Use Emojis and Other Tips to Make Customer Service More Personal

Even when conducted online, customer service should always have a personal touch. With conversational interfaces being hotter than ever, and big data offering personal experience to the customers, you have to value your customer service more than ever before. But how can you do that?

Don’t treat incoming queries like “tickets”, instead focus on making your users feel involved in a one-on-one conversation. If you need some direct tips for pulling that off, here are few to get you started:

Talk Like Humans

The problem with most customer service is that the reps sound faceless and overly professional. Canned replies and duplicate messages make customers doubt whether they are speaking to another human being or an auto-reply bot (and there’s nothing worst than the latter).

The basics should include addressing your customer by their first name, asking how they are doing and making some small talk comment. Most likely, the customer will mirror your tone and be equally friendly and reasonable. Train your reps to use the right vocabulary to persuade, comfort and sound genuinely compassionate and reassuring. Side with your customer and pretend you are on the same rally with them and fighting for the same cause. Don’t try to negatively about other reps – that wouldn’t make you look good for sure.

Explain in Multiple Ways

Stop telling people where to click and instead, show them. Make sure your staff is prepared and eloquent enough to try different approaches for breaking down the concept – a step-by-step list, a GIF, a short video – whatever that works best.

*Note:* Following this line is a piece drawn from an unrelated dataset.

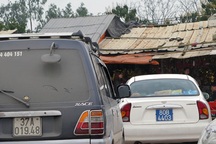 Xe biển xanh vẫn nhộn nhịp đi lễ chùa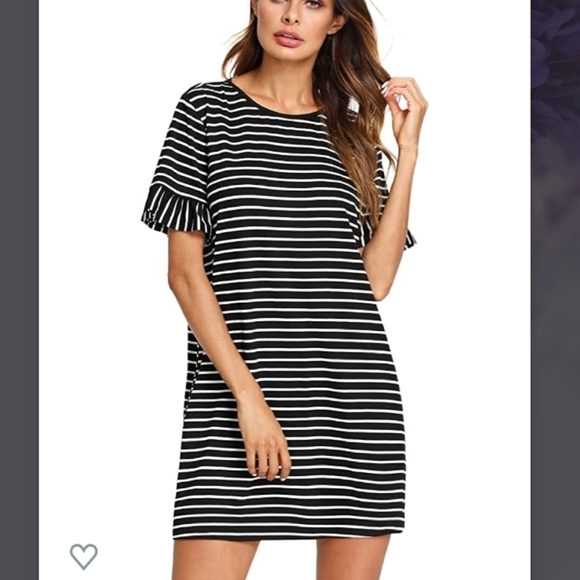 ⭐️40% Off⭐️ Black & White Striped Ruffle Sleeve T-shirt Dress - Picture 1 of 6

Additionally, you can choose to offer support in different forms. Start shooting explainer videos based on the popular FAQ and featuring them on your channel. This way you’ll increase your brand visibility and reduce the incoming load of issue and the time needed for each customer service. Snapchat can be another great channel to offer customer support.

Don’t Shy Away from Emojis

Younger peeps will definitely enjoy the less formal tone of the conversation and the use of emojis (which are faster to type and can convey the same message). Just train your staff to use them when appropriately, rather than turning the whole conversation into one huge emoji list with zero sense. After all, there is nothing young people love more than older people trying to assimilate their culture.

No Assumptions 

Don’t assume your customer is design-savvy if he just bought some premium software. He might be a humble beginner still unfamiliar with all the professional terms. Likewise, don’t think the person on the other end knows anything. Your customer service reps should maintain the proper balance and pitch the right reply depending on the situation. Making assumptions too quickly can make you appear arrogant or disrespectful.

Don’t Over-Promise

There’s nothing more frustrating than getting a promise that your issue will be fixed and waiting for a week till the solution is found.  Stay honest with what you can do for the customer and how long will it take. Over-promising and subsequently under-delivering makes you lose your reputation and leaves the customer frustrated.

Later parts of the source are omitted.